§ RECORDED DATA
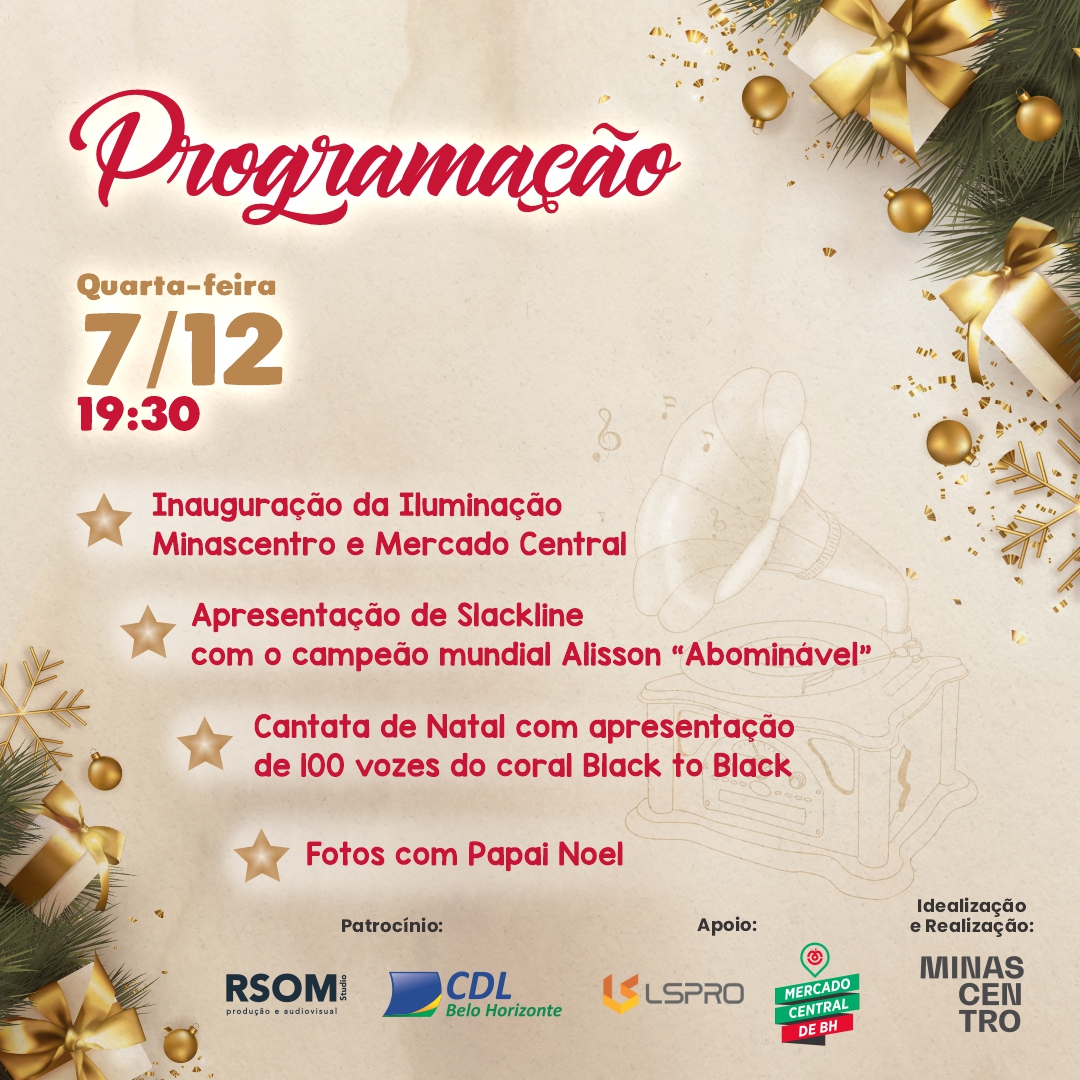 Programação de natal 7.12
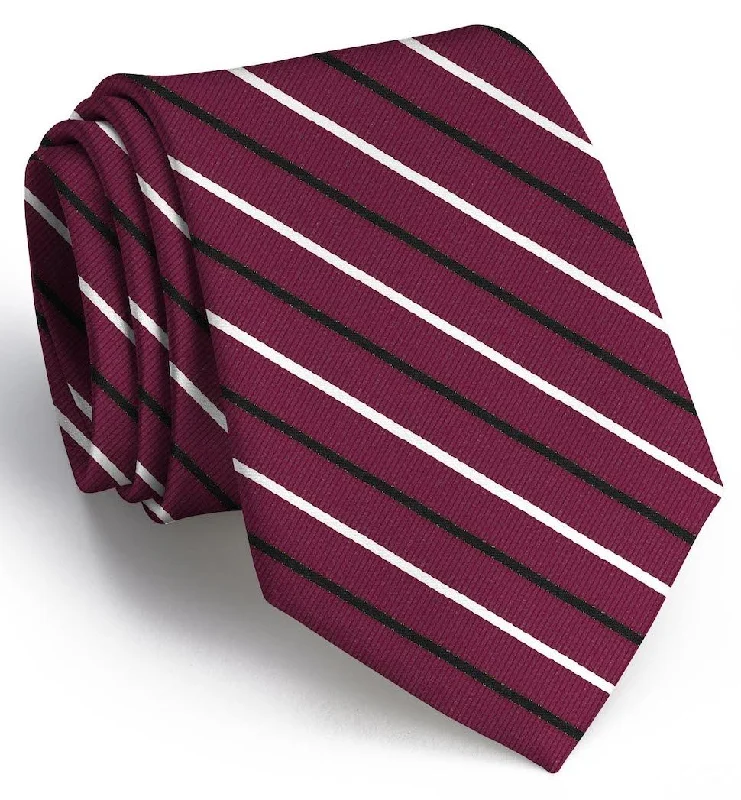 Lewis: Tie - Garnet/Black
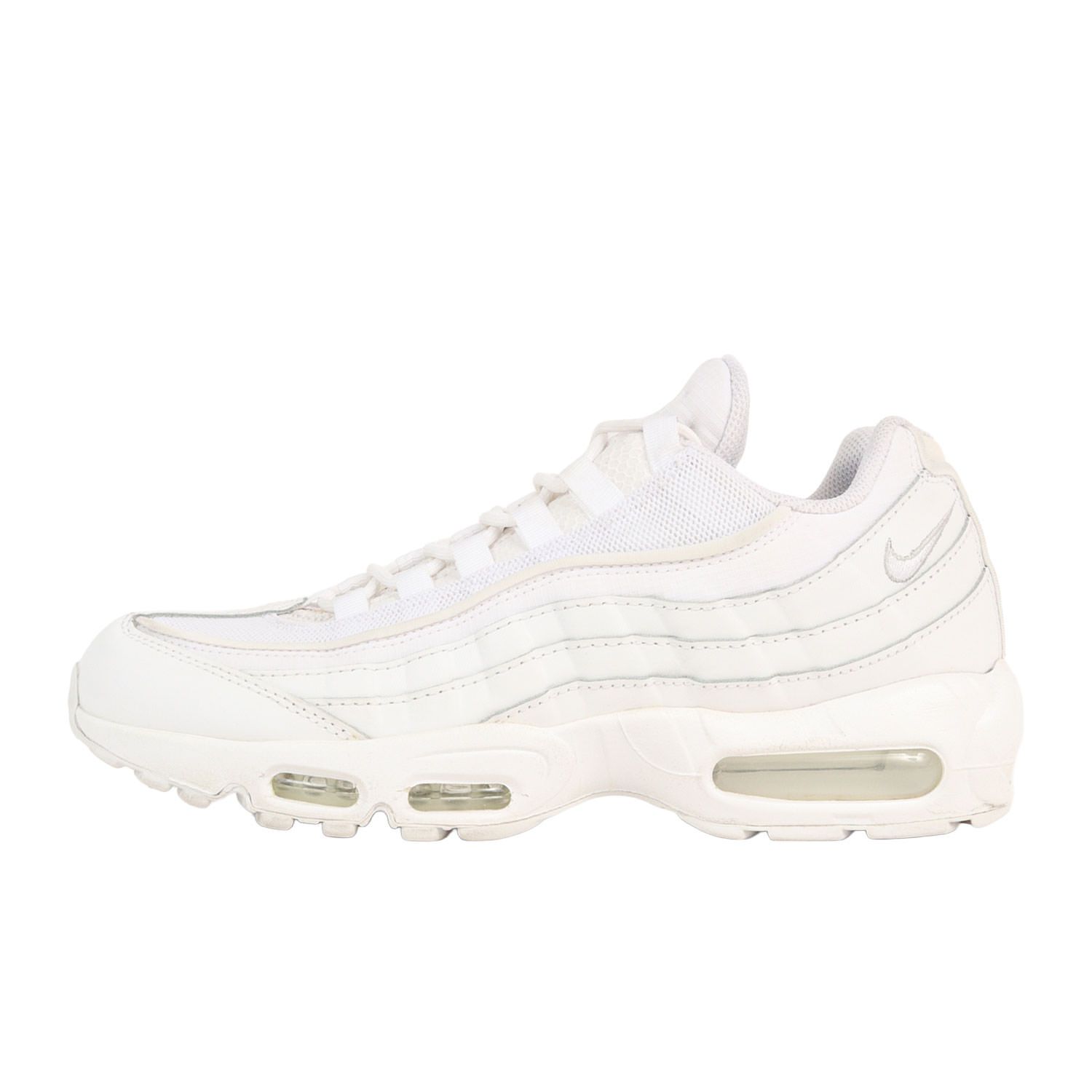 NIKE ナイキ サイズ:US9(27.0cm) AIR MAX 95 ESSENTIAL Triple White (CT1268-100) エア マックス95 エッセンシャル ホワイト 白 ローカット スニーカー シューズ 靴【メンズ】【中古】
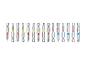 PARKSIDE® Bit-Set mit verschiedenen Schraubendreher-Bits, darunter PH1, PH2, PH3, PZ1, PZ2, PZ3, T10, T15, T20, T25, H4, H5.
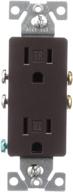 🔌 elegant designer duplex receptacle in oil rubbed bronze - eaton tr1107rb-sp-l logo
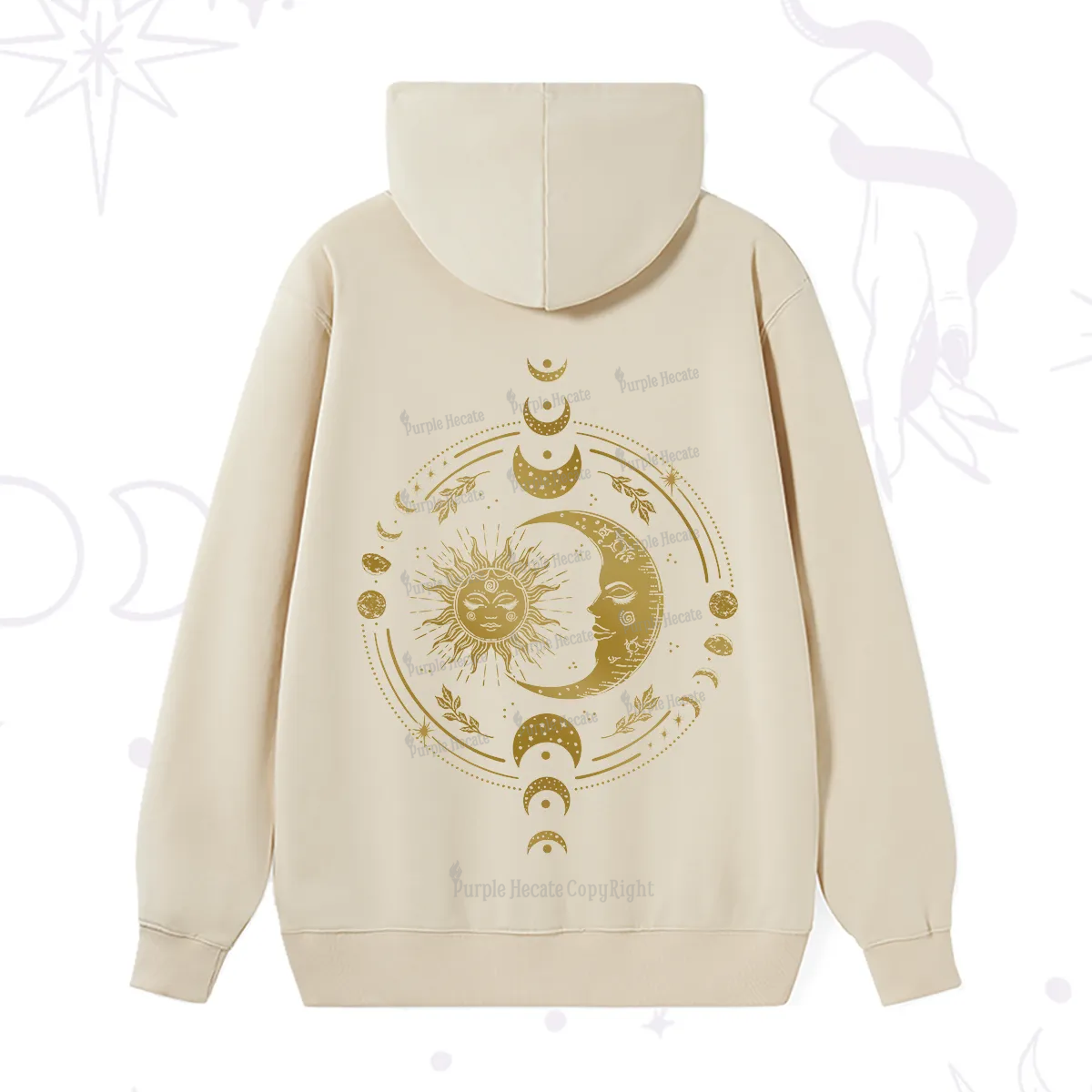 Purplehecate Celestial Sun and Moon Hoodie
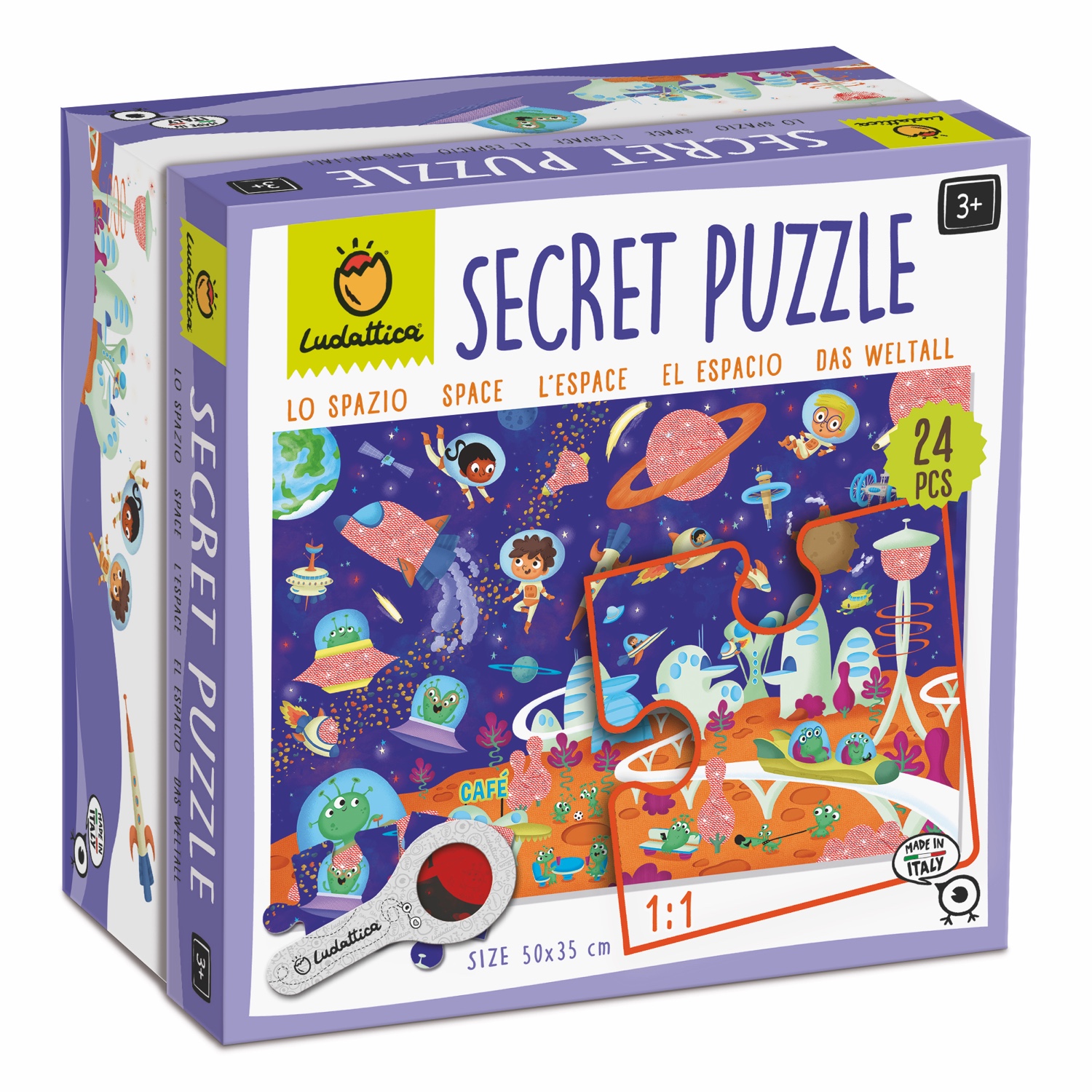 Secret Puzzle Weltall: Entdeckungsreise mit Spionageglas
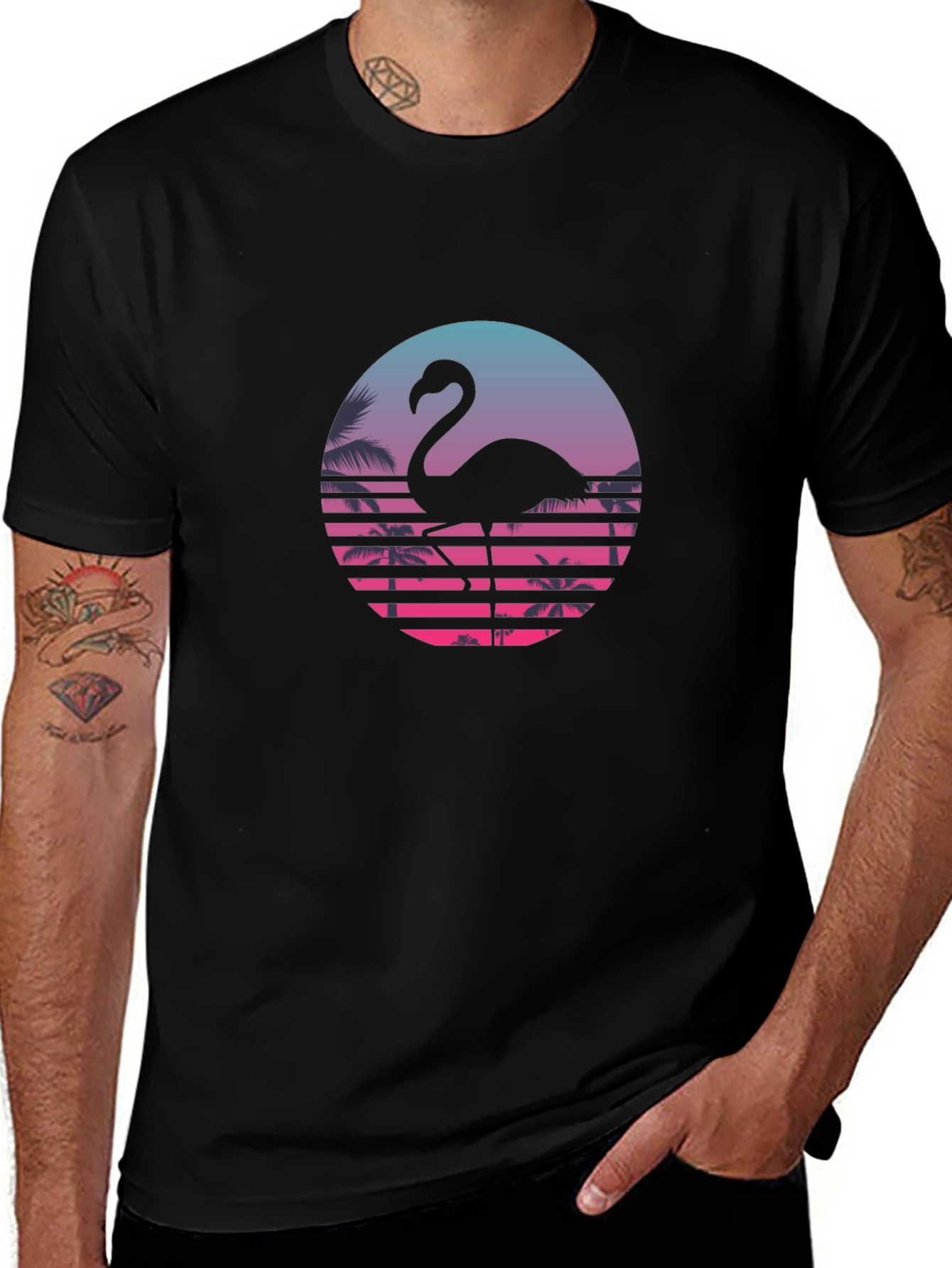 Retro Flamingo T-Shirt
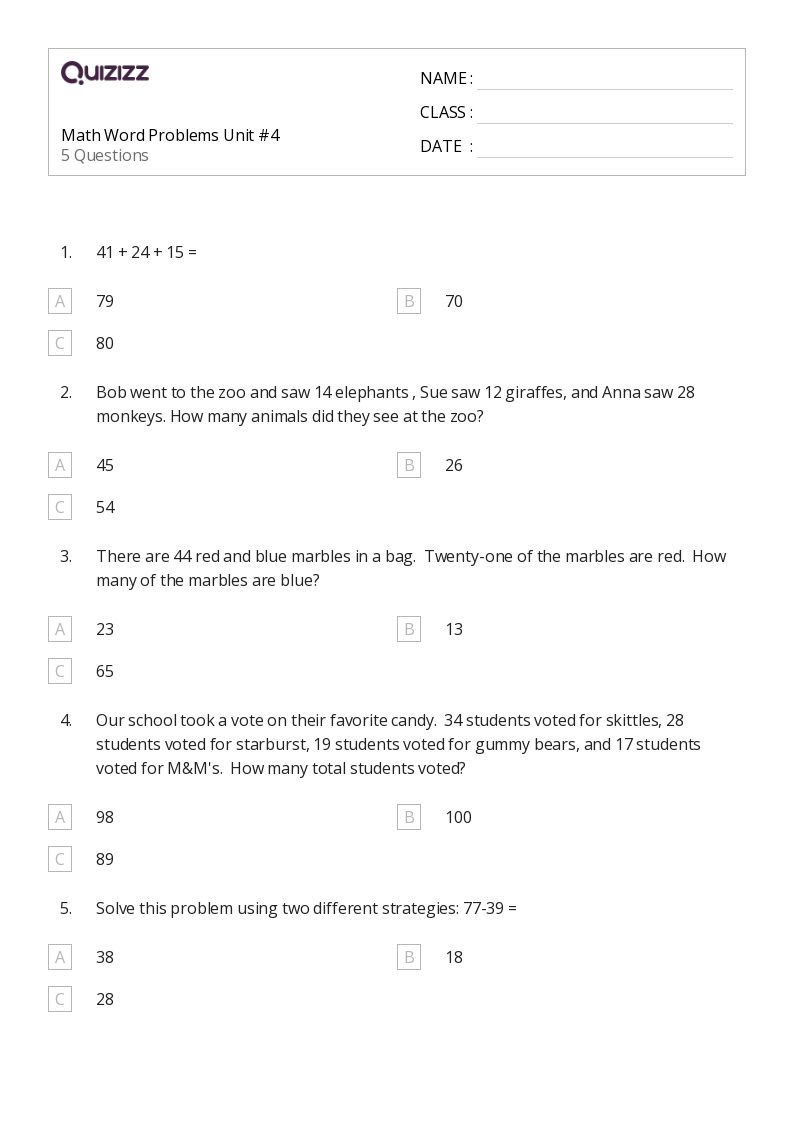 50+ Math Word Problems worksheets for Kindergarten on Quizizz Free & Printable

§ TASK PROMPT
Output the data verbatim, images excluded.

§ SOLUTION TO THIS EXERCISE
 Programação de natal 7.12
 Lewis: Tie - Garnet/Black
 NIKE ナイキ サイズ:US9(27.0cm) AIR MAX 95 ESSENTIAL Triple White (CT1268-100) エア マックス95 エッセンシャル ホワイト 白 ローカット スニーカー シューズ 靴【メンズ】【中古】
 PARKSIDE® Bit-Set mit verschiedenen Schraubendreher-Bits, darunter PH1, PH2, PH3, PZ1, PZ2, PZ3, T10, T15, T20, T25, H4, H5.
 🔌 elegant designer duplex receptacle in oil rubbed bronze - eaton tr1107rb-sp-l logo
 Purplehecate Celestial Sun and Moon Hoodie
 Secret Puzzle Weltall: Entdeckungsreise mit Spionageglas
 Retro Flamingo T-Shirt
 50+ Math Word Problems worksheets for Kindergarten on Quizizz Free & Printable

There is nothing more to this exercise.